The effort is part of a public policy class project led by Mounds Park Academy teacher Maureen Conway.

Ullman, a retired Ramsey County District Court clerk and one of the activists who successfully fought the Gopher State Ethanol plant on West Seventh Street, said the interest wasn't only at Mounds Park Academy. She said a 15-person St. Paul committee, inspired in part by the success of instant-runoff voting in Minneapolis, is working to adopt the system.

"Many of us have endorsed and worked on the Minneapolis campaign," said Ullman, who also managed the campaign of Green Party U.S. Senate contender Michael Cavlan.

"It interested me a lot," she said, "and I thought, 'If they can do it, we can do it.' "

She and the students, who met as a result of the Minneapolis campaign, were making the rounds Wednesday in St. Paul City Hall, probing support among council members for instant runoff. The council could adopt the system or put it on the ballot in 2007 independently, without a petition drive. They reported meeting with a mixed reaction.

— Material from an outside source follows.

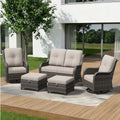 5 Piece Outdoor Wicker Patio Furniture Set, Outdoor Swivel Rocker Patio Chairs by Gardenbee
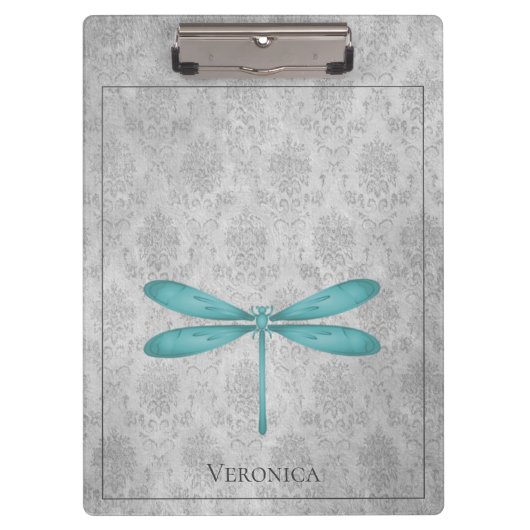 Aquamarin Dragonfly Damask Klemmbrett (Vorderseite)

Mansky said a petition would likely need well over 5,000 signatures to be successful: Only registered voters are eligible to sign, and some ineligible signatories are typically stricken from any petition drive. He said it would need to be submitted by the middle of July so that elections officials could assess the petition's validity and forward the documents to the City Council, which would make a final decision on the "sufficiency" of the petition effort.

Rules also allow only St. Paul residents to circulate the petitions. Just one of the five Mounds Park students in downtown St. Paul on Wednesday live in the city.

Levies and initiatives have mixed histories in St. Paul. Voters have turned down living-wage ordinances, ballpark taxes and billboard restrictions in recent years, but changed the term lengths of the City Council and approved three school levy measures. An effort to repeal the city's smoking ban was mounted but never submitted to elections officials.

City officials were lukewarm toward the idea.

"The mayor is intrigued by the idea and looks forward to a public conversation about it," said Bob Hume, spokesman for Mayor Chris Coleman.